Now that genetic pre-disposition testing for scoliosis progression risk is available, An Early Stage Intervention Program has also been developed to provide scoliosis patients a non-bracing, non-surgical treatment option that allows them to take immediate action in the prevention of the next stage of the standard treatment process.
The three medically-sanctioned methods of scoliosis treatment—observation, bracing, and surgery—have been around for decades. A great deal of research has been done on the risks and benefits of each option. However, the general conclusion of this research suggests that a new paradigm is desperately needed, as there are many conflicts and inadequacies present in the current model.
Observation Only or the “Watch & Wait” Stage
Once an individual has been diagnosed with scoliosis, no treatment is initially prescribed, and no action is immediately taken, until the cobb angle has progressed to 25 degrees. At this point, bracing is typically prescribed. This period, which is termed “watch & wait,” consists only of regular visits to an orthopedic.
Spinal brace treatment (generally recommended for curvatures 25 degrees and larger)
If there ever was a time when a patient could benefit most greatly from chiropractic, therapeutic exercise, or non-surgical intervention, it would undoubtedly be during the mild stages of the disease—before the muscles and tissues of the body have been deformed by months or even years of compensating for the abnormal twisting and bending of the spine.
Bracing dates back to approximately 650 AD, when Paul of Aegina suggested bandaging scoliosis patients with wooden strips. The first metal brace was developed by Ambroise Pare in the 16th century. Today, there is a bewildering assortment of braces in use, ranging from the venerable and bulky Milwaukee brace, to the traditional TLSO braces such as the Boston and the Wilmington brace. There are “part-time” braces, designed to be worn at night: the Providence brace, and the Charleston brace. There are also “dynamic corrective braces” (SpinCor), which may use soft, elastic materials and claim to be able to do more than simply stabilize the progression of scoliosis.

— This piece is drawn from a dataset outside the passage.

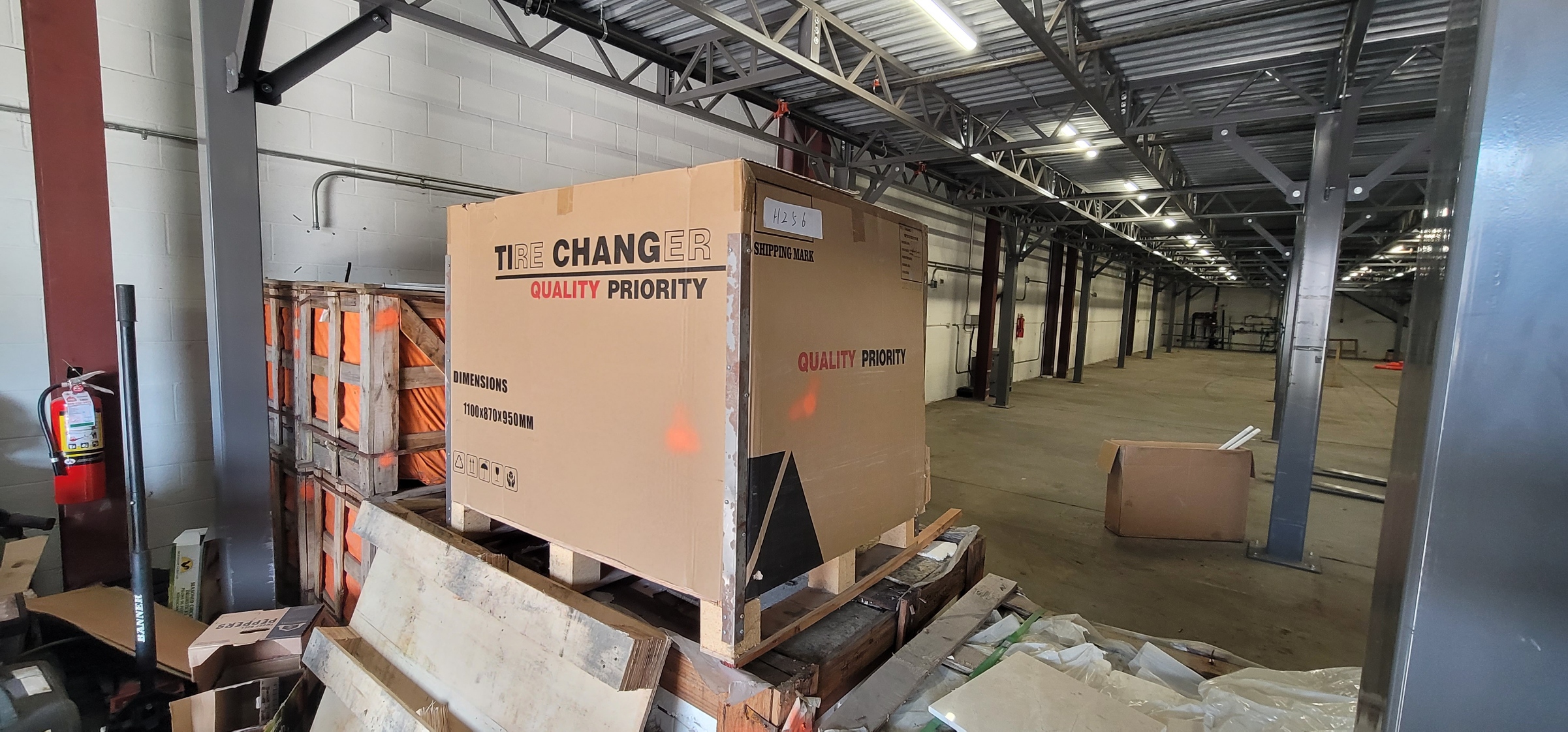 PAST Auction- Major Supplier & Fabricator of Tile & Slabs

This dizzying variety is further complicated by the fact that not every doctor prescribes the braces to be used in the same manner, and not every patient may follow their doctor’s recommendations to the same extent. As a result, research is often conflicting in regard to the true effectiveness of bracing in scoliosis treatment. Some studies have shown very little difference between patients who wore the brace for the prescribed time. In every case, all corrective benefit is lost very quickly once the patient stops wearing the brace.
Spinal fusion surgery (Generally recommended of curvatures 40 degrees and larger)

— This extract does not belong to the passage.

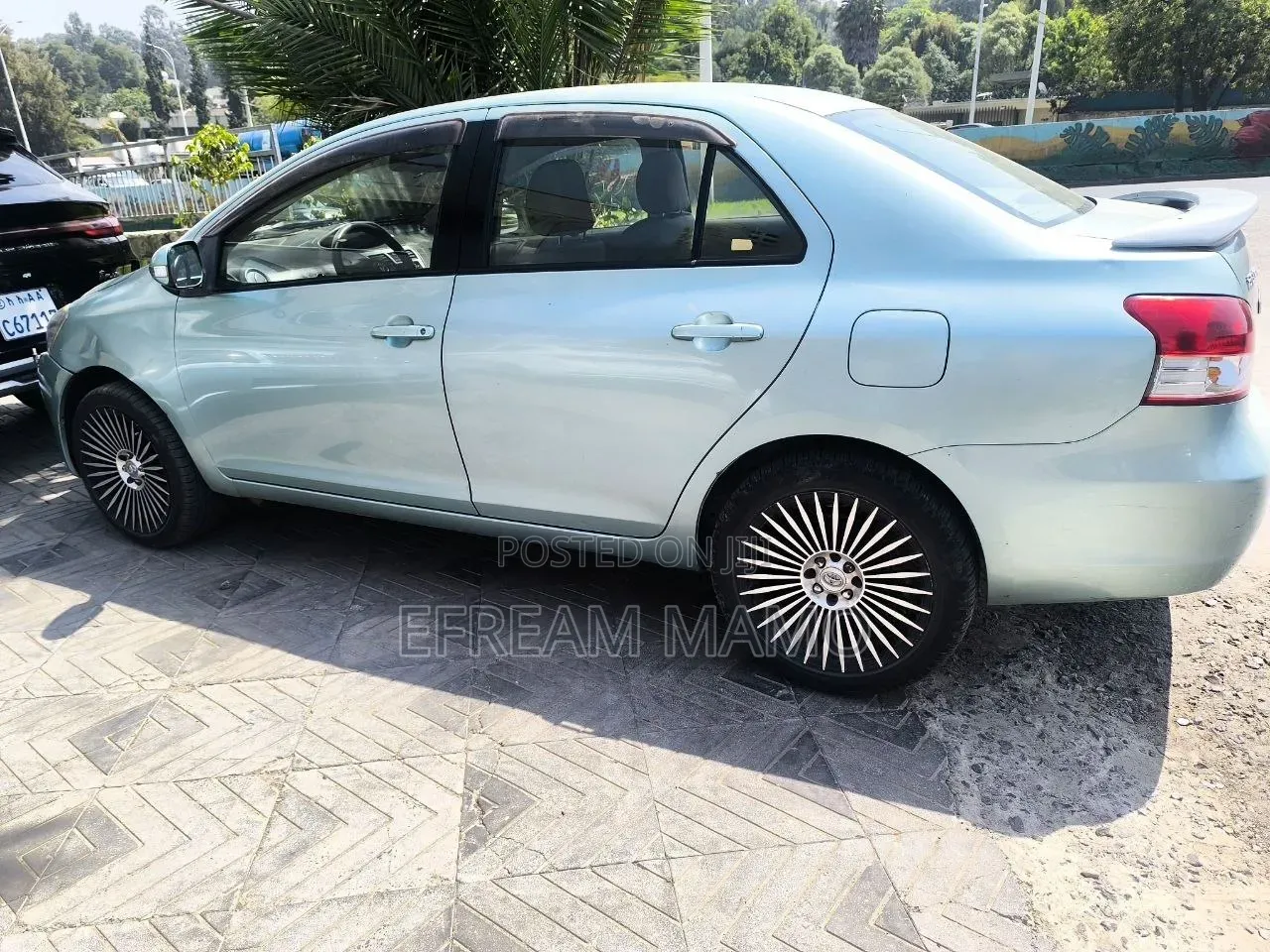 Toyota Yaris 2011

Those patients for whom bracing fails to prevent the progression of their scoliosis are left with only one option: surgery. Those who are confronted with this choice may be told that having a metal rod fused to their spine will not impair their daily activities, and will reduce the rib arch and improve their cosmetic appearance. However, research has consistently shown that surgery—which primarily focuses upon the sideways bending, and does little to address the rotation of the spine (and hence the rib protrusion)—will actually cause the rib arch to worsen (Chen 2002, Goldberg 2003, Hill 2002, Pratt 2001, Weatherly 1980, Wood 1991, Wood 1997).
The rate of hardware failure is virtually 100% over the course of a normal lifetime. It may occur immediately after the surgery or several years later, but one or more components of the hardware placed inside the body is highly likely to fail or break. The author of one study stated, “One would expect that, if the patient lives long enough, rod breakage will be a virtual certainty”. Another study found that, amongst seventy-four patients who underwent the surgery, failed fusion occurred in 27% of patients within a few years after the procedure.

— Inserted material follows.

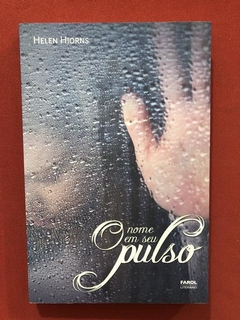 Livro - O Nome Em Seu Pulso - Helen Hiorns - Seminovo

The truth of the matter is that scoliosis is an abnormality of the spine which involves much more than merely a sideways curve. Yet the “effectiveness” of surgery is measured only by the degree to which it can reduce the lateral deviation through the application of brute force, and a fused spine is every bit as abnormal and dysfunctional as a scoliotic spine.
We can alter the natural course of this disease by identifying which patients are at the highest risk for severe progression via genetic testing (Scoliscore) and by implementing an aggressive, non-invasive Early Stage Scoliosis Intervention program that re-trains the brain’s involuntary postural controls centers before the spinal curvature reaches the 30 degree “buckling” point.
Dr Stitzel graduated from Palmer College of Chiropractic in 2002. Dr Stitzel practices in Lititz,PA and specializes in scoliosis rehabilitation. Dr Stitzel is a former director of the CLEAR-Institute and lectures both nationally and internationally on the topic of scoliosis rehabilitation.
Dr. A. Joshua Woggon, a 2010 Graduate of Parker College, is the Clinic Director of the CLEAR Scoliosis Treatment and Research Clinic on the campus of Parker College of Chiropractic in Dallas, Texas (www.clearscoliosisclinic.com), and the Director of Research for CLEAR Institute, a Non-Profit Organization dedicated to advancing chiropractic scoliosis correction (www.clear-institute.org). He can be contacted at [email protected]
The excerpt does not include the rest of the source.